The TS-8200 is a TS-SOCKET Baseboard that provides a test and development platform for embeddedTS' TS-4xxx products and accepts any TS-4xxx System-on-Module (SoM). The TS-8200 provides industry standard connectors for the various ports and features on many of the embeddedTS SoM products like the TS-4500, TS-4200, etc. It provides transceivers for the RS-232 ports, CAN port, and the RS-485 port, brought out to the male DB9 and .1" pitch header connections. It also has the Ethernet magnetics, RJ-45 connector, USB Host and Device connectors, Temperature Sensor, MicroSD card socket, RTC Battery (coin cell), and two LEDs. Power input requirement is regulated 5.0 to 12.0 VDC.

TS-4700

See the TS-4700 page for functionality regarding the CPU, FPGA, and OS.

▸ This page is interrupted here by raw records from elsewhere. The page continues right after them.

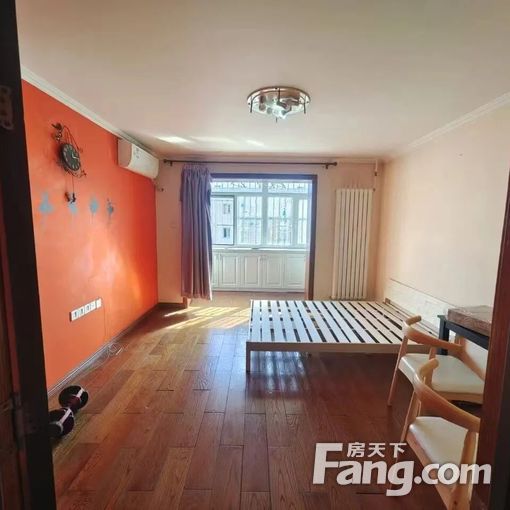  κ�������� 2��1��1�� 55ƽ��װ�� 5800Ԫ/�� 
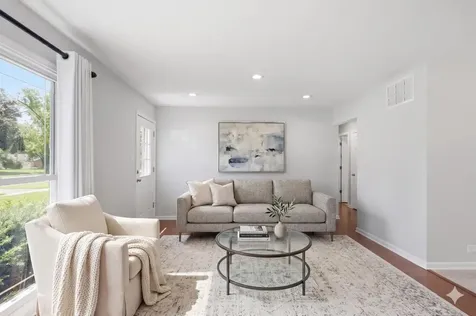 714 North 2nd Avenue Villa Park IL 60181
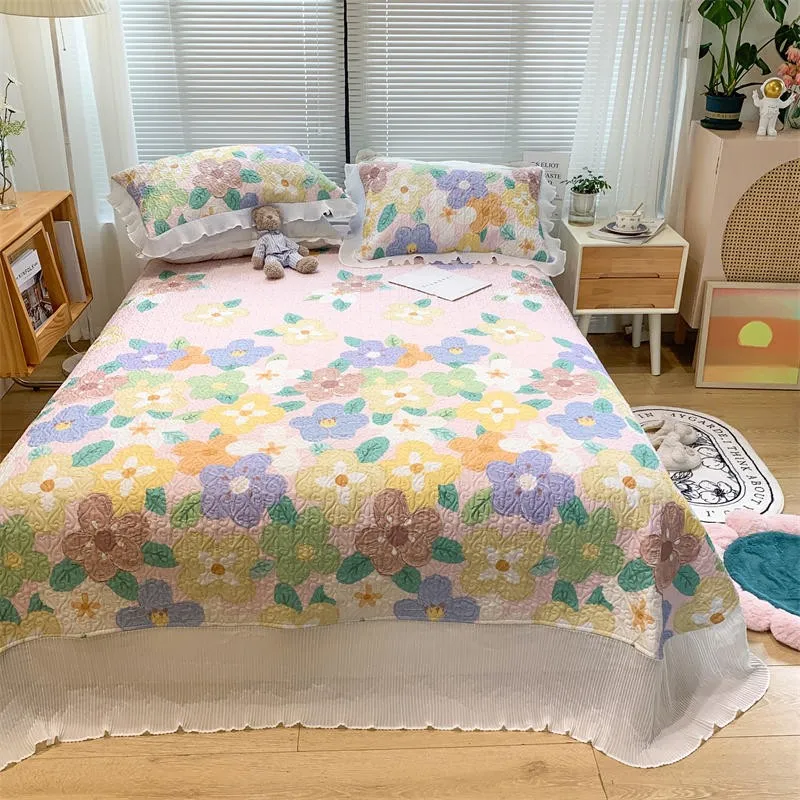

Lovely Floral Bedspread Full/Queen Size 3Pcs Botanical Flowers Reversible Coverlet Quilt with 2 Pillow Shams Soft All Season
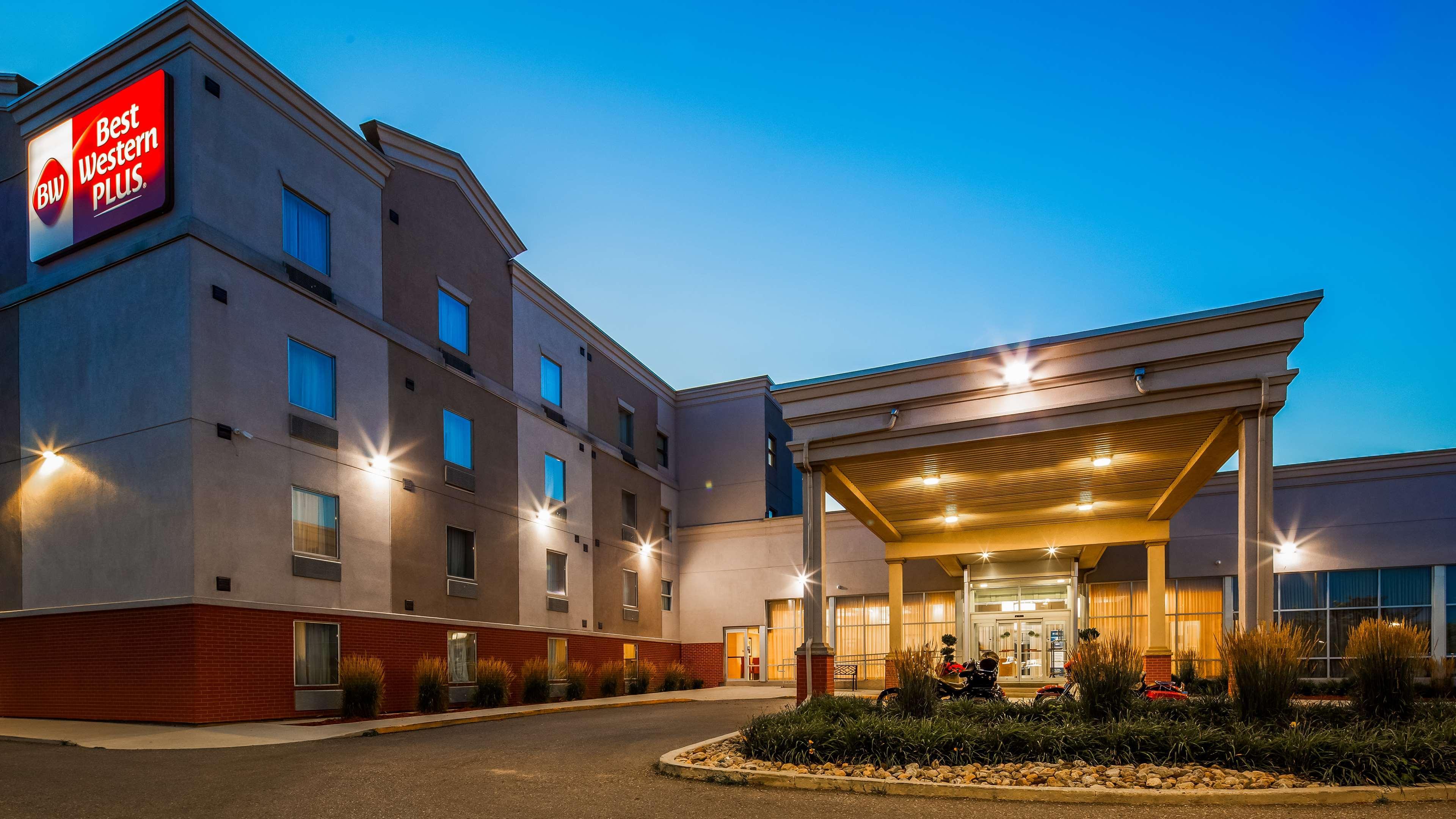 Best Western Plus Боумънвил Екстериор снимка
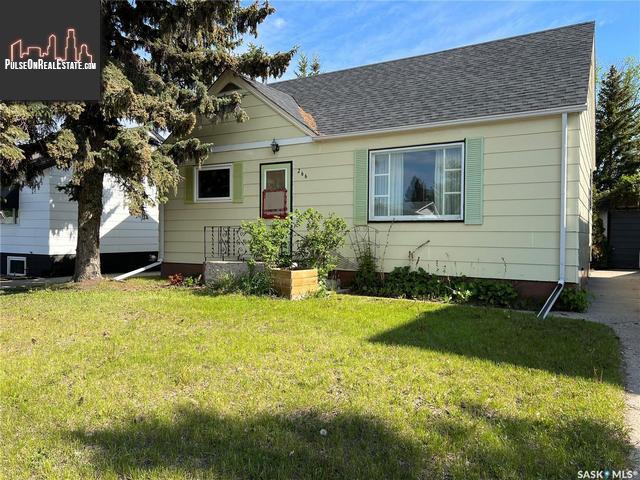 Property 266 7th Avenue E main img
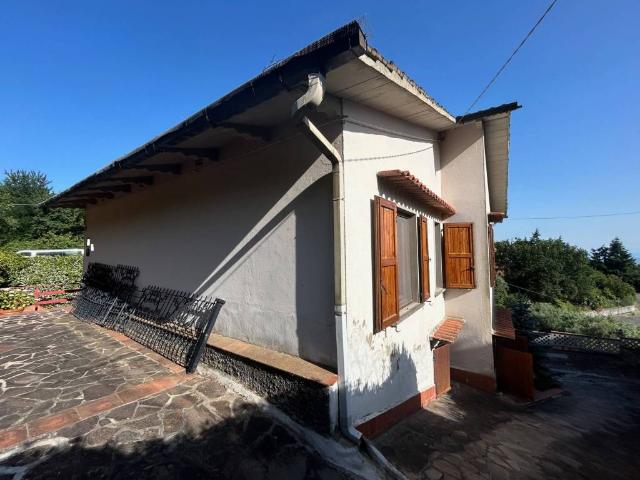 Villa Indipendente in vendita a Marliana, Toscana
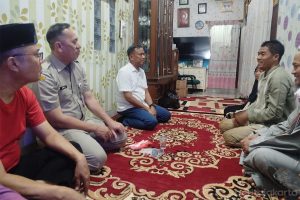 Munjirin Salurkan Santunan kepada Pelajar Korban Kecelakaan Lalu Lintas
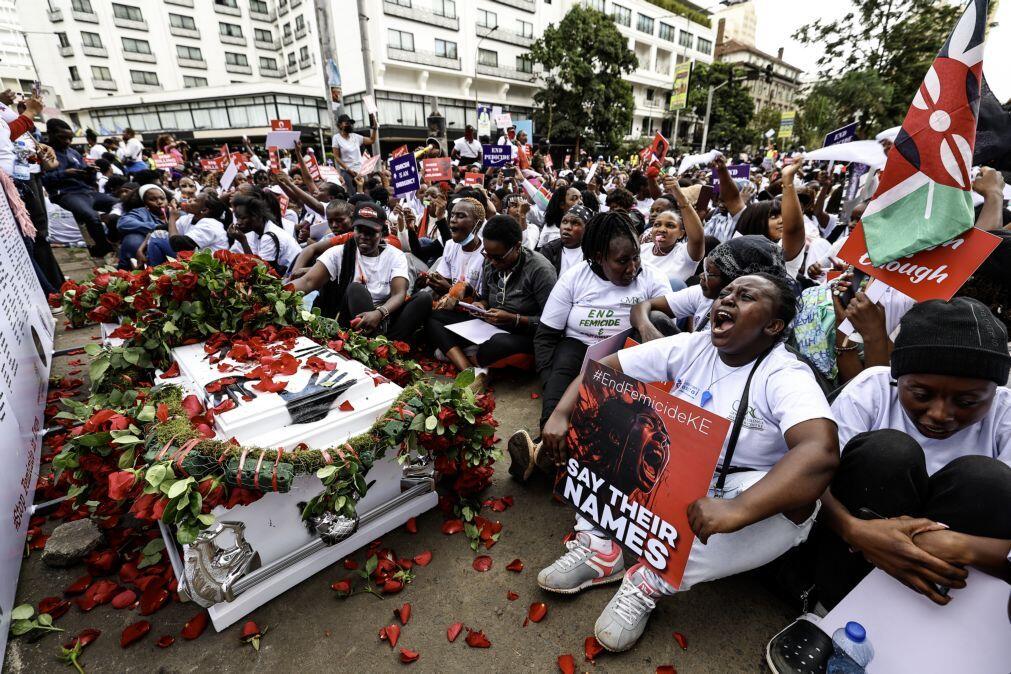 Centenas de pessoas protestam em Nairobi contra assassínios de mulheres e crianças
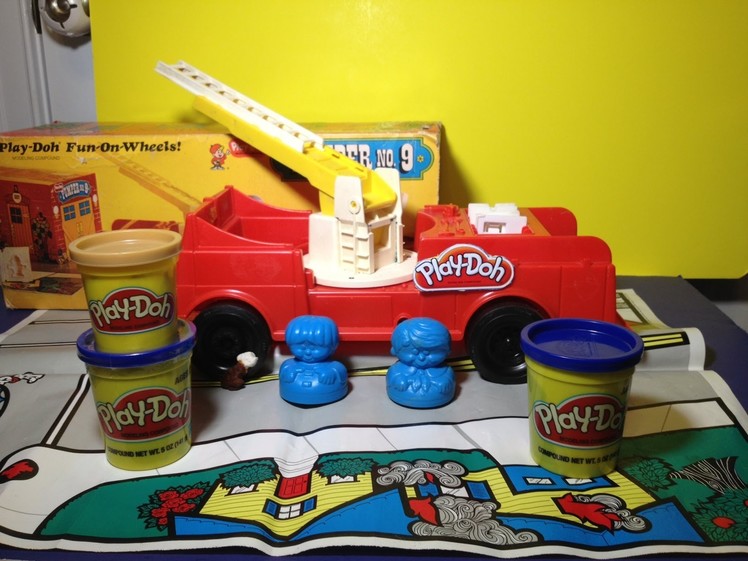 PLAY-DOH Pumper Number 9 Fire Engine Playset Play-Doh Playset Toy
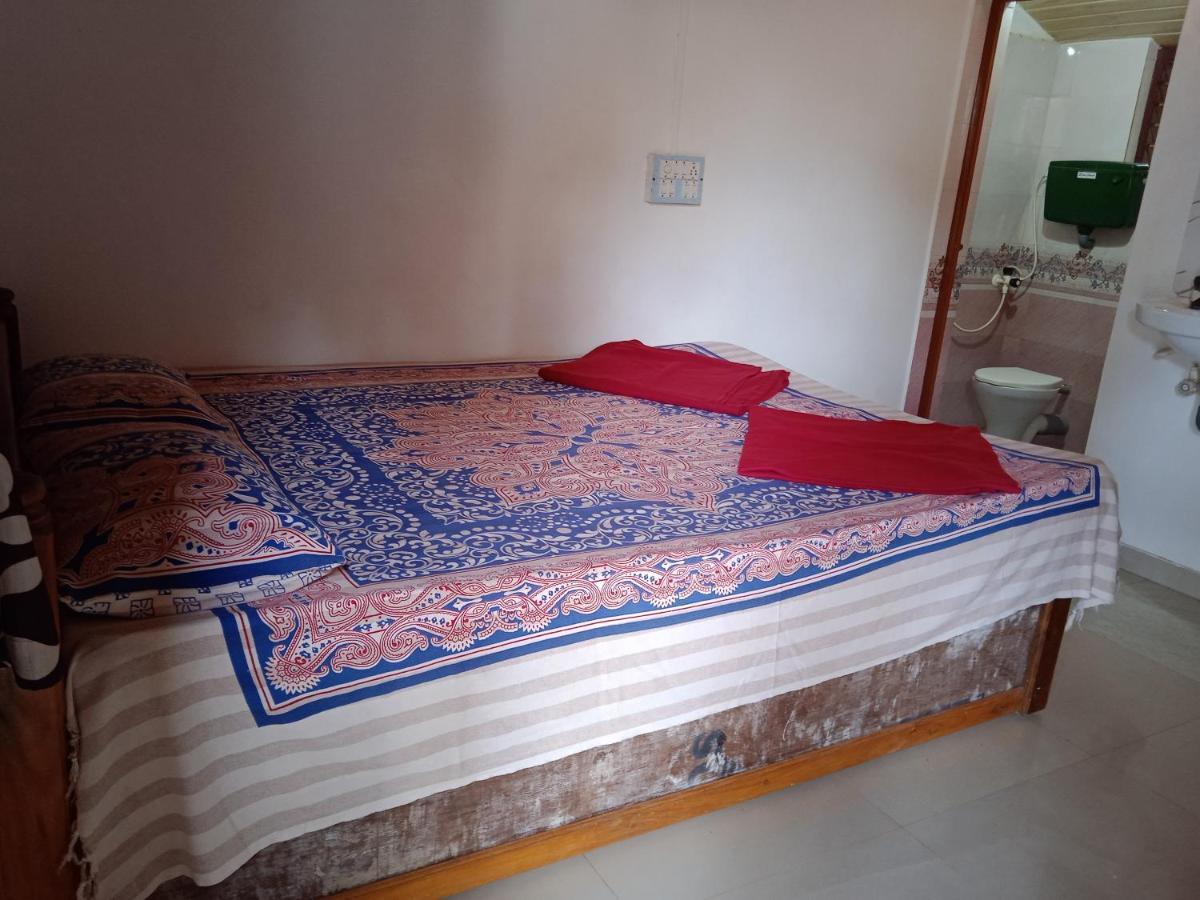 Gundappa Cafe Gokarna Kudle Beach المظهر الخارجي الصورة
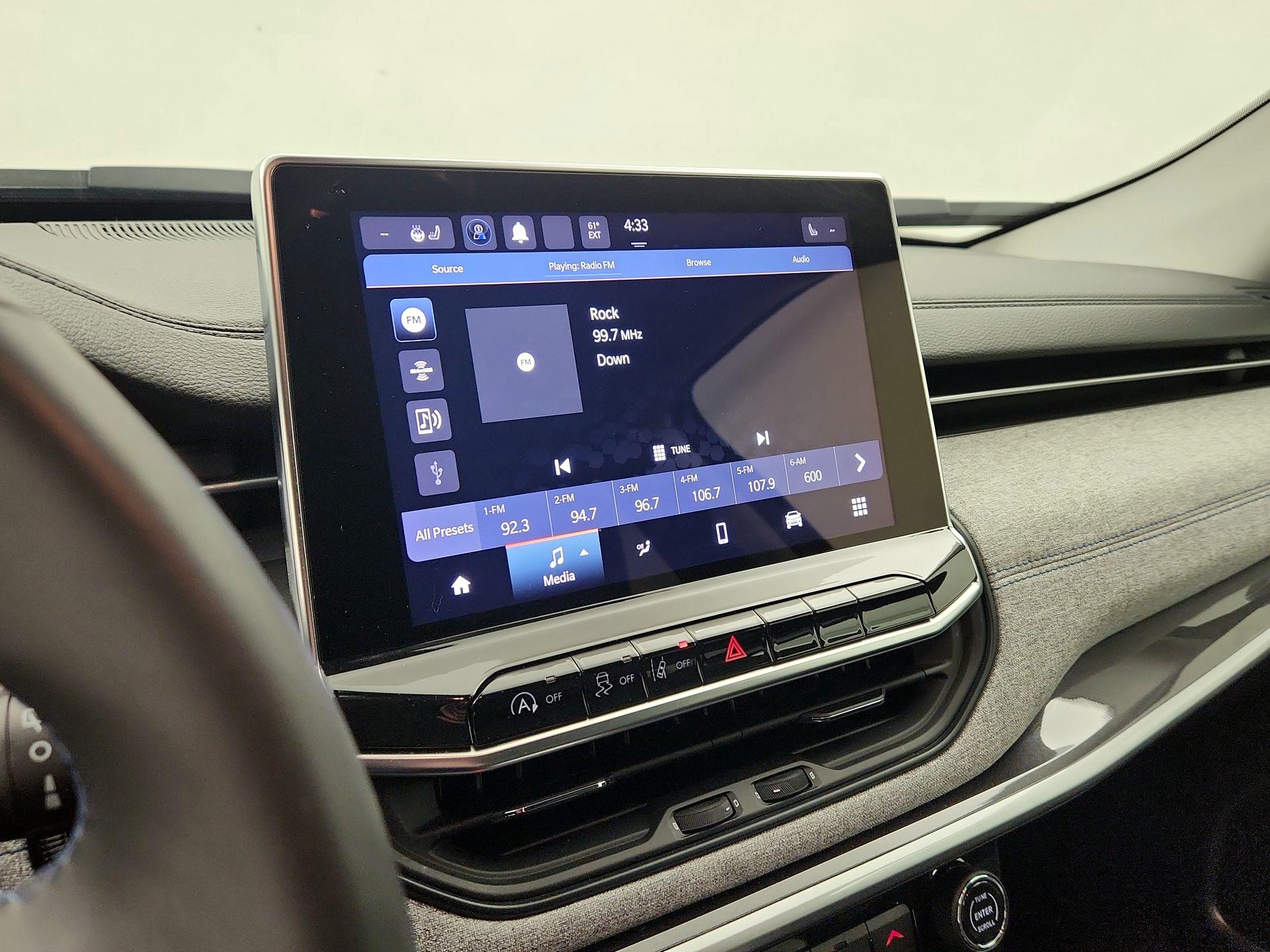 Thumbnail: 2022 Jeep Compass - 15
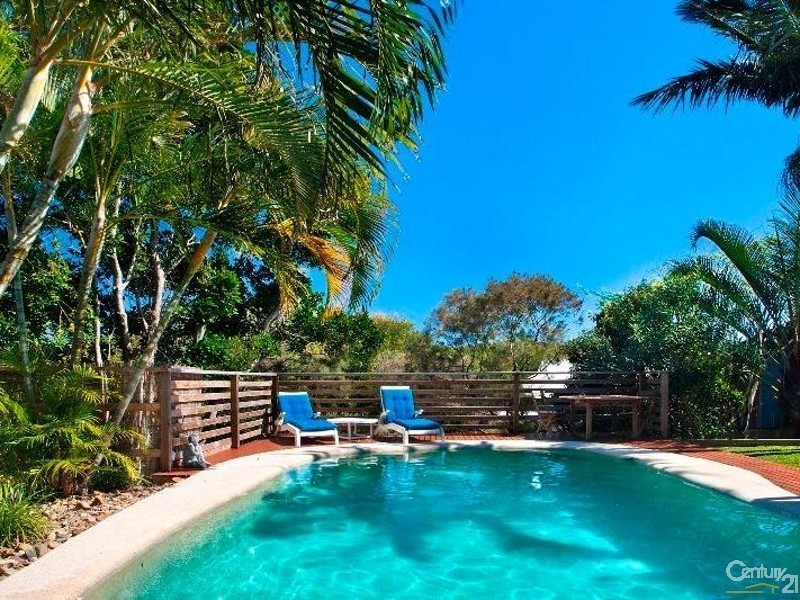 3 Seafarer Court, Castaways Beach QLD 4567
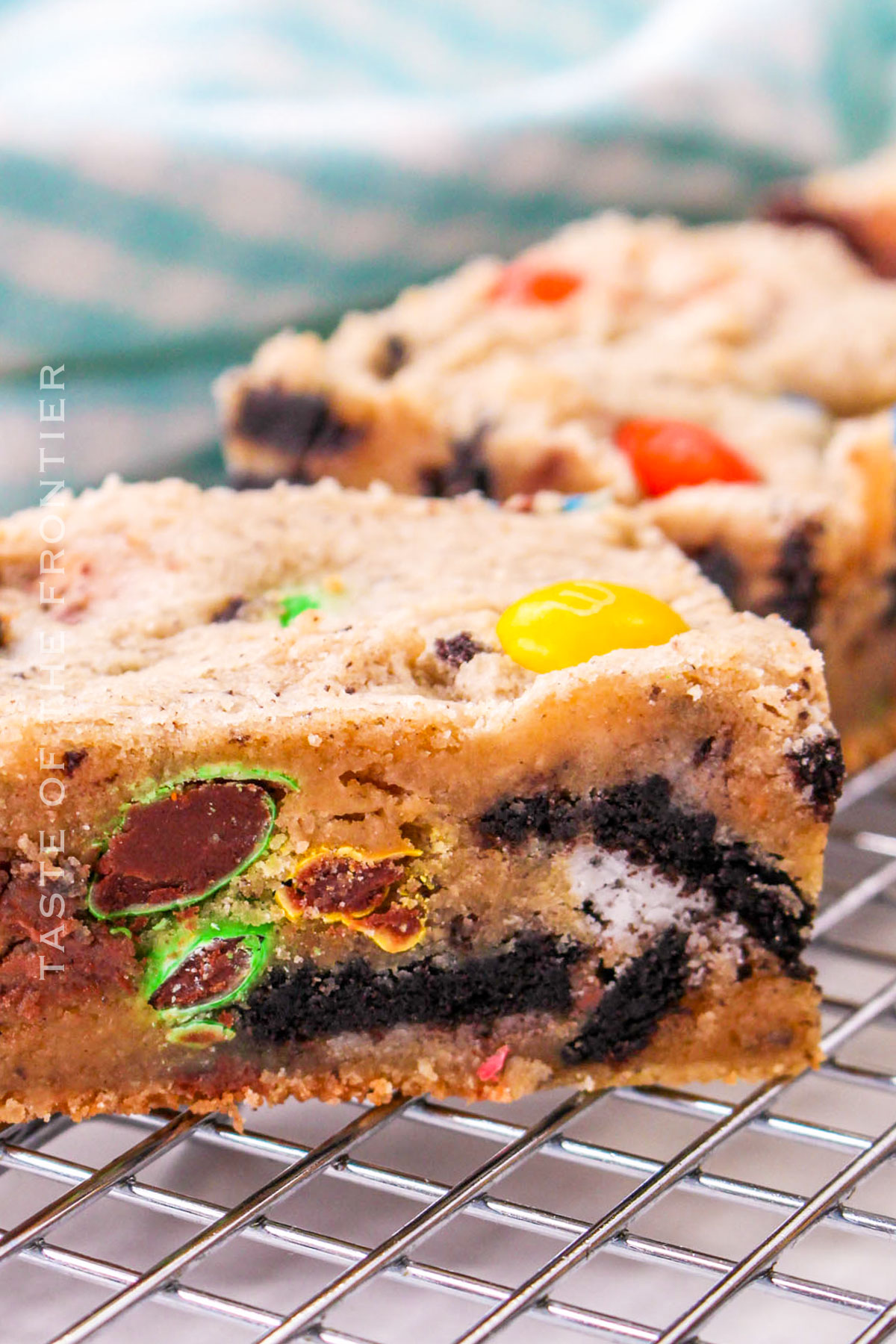 M&M Cookie Bars Recipe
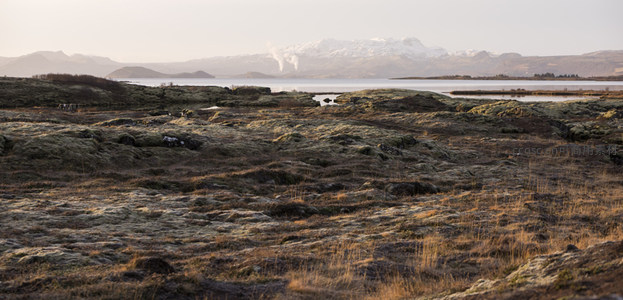苔原旷野中的远山蒸汽与湖泊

TS-4700 Marvell PXA166 800MHz ARM9

Getting Started

The TS-8200 board has no specific boot sequence since the processor and Linux Operating System are located on the selected TS-4000 Series System-on-Module (SoM). For the rest of the boot and setup procedure, please refer to the manual for the selected TS-4000 series SoM you are using listed here.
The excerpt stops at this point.